REQUIREMENT: Output the line that contains "Green beads chandbali earrings" together with each line after it, through the final line of the listing below, word for word; omit pictures.

COLLECTED MATERIAL:
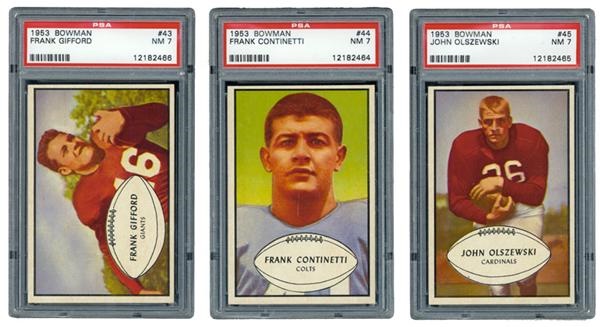 - 1953 Bowman Football Cards (3) All PSA 7 With Gifford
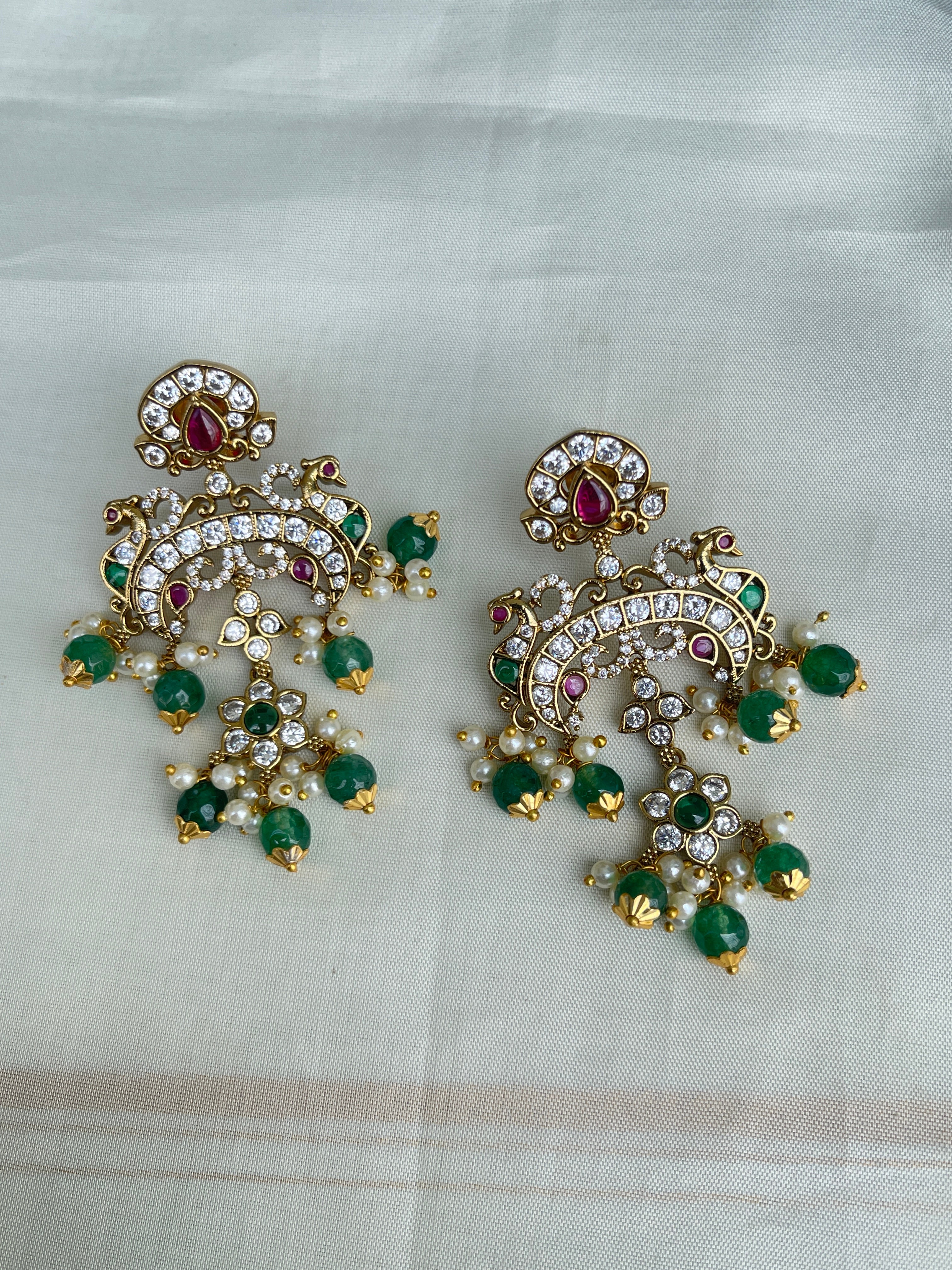 Green beads chandbali earrings
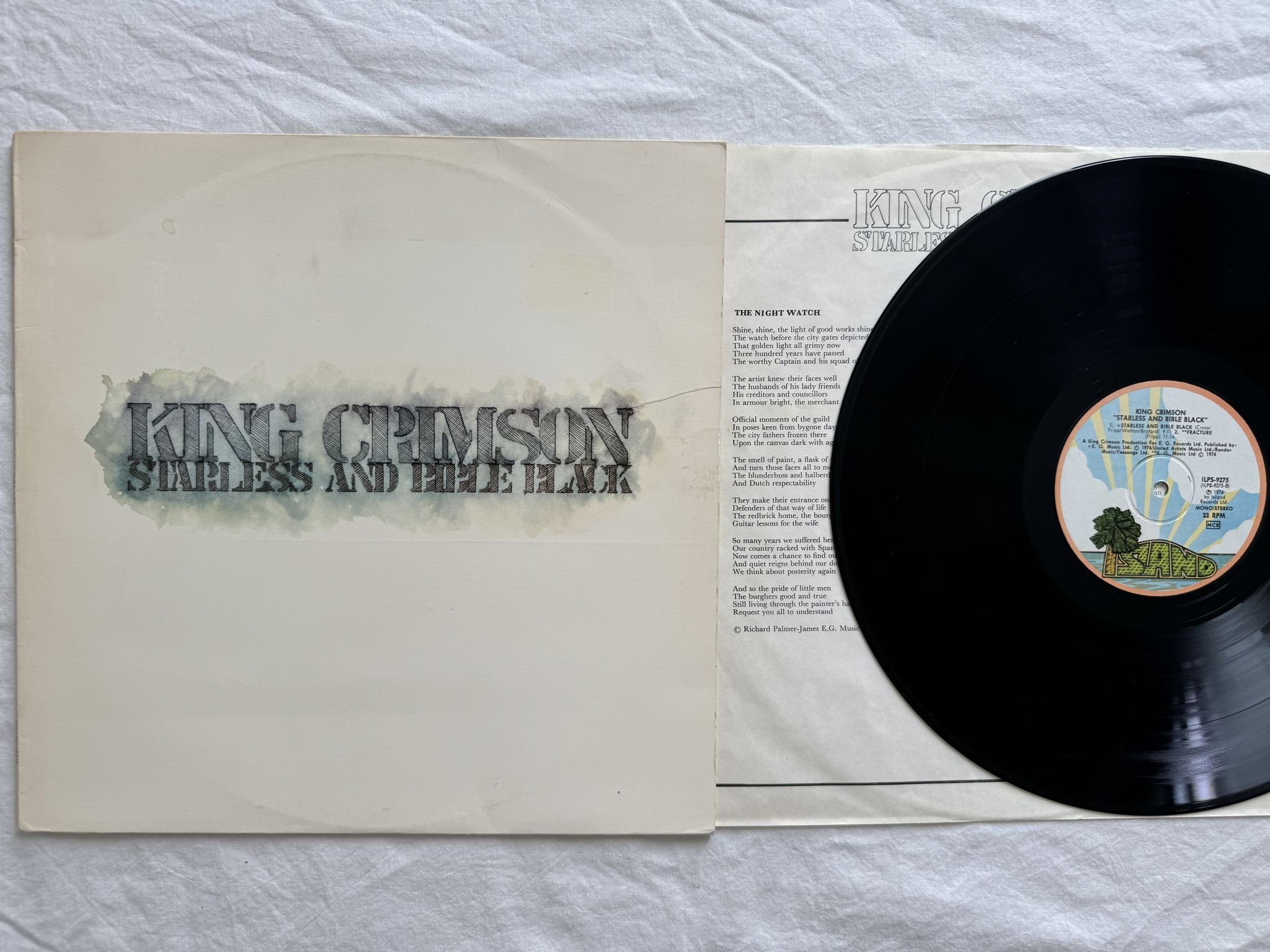 Omslagsbild för skivan KING CRIMSON starless and bible black LP -74 ILPS 9275 Island Records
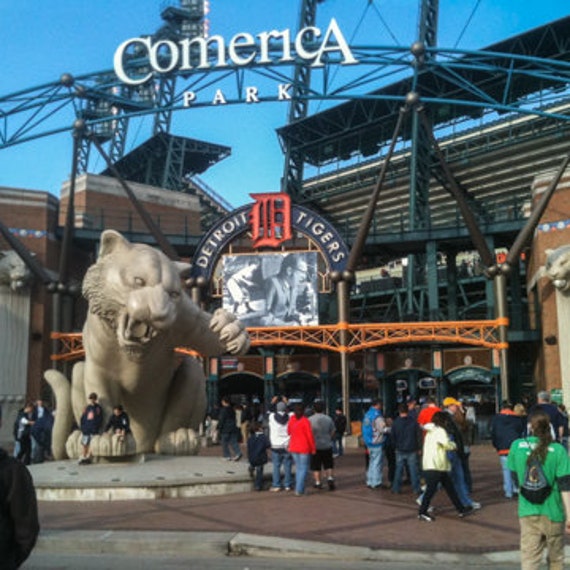 DETROIT TIGERS STADIUM Michigan Art Print, of Original Oil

EXPECTED ANSWER:
 Green beads chandbali earrings
 Omslagsbild för skivan KING CRIMSON starless and bible black LP -74 ILPS 9275 Island Records
 DETROIT TIGERS STADIUM Michigan Art Print, of Original Oil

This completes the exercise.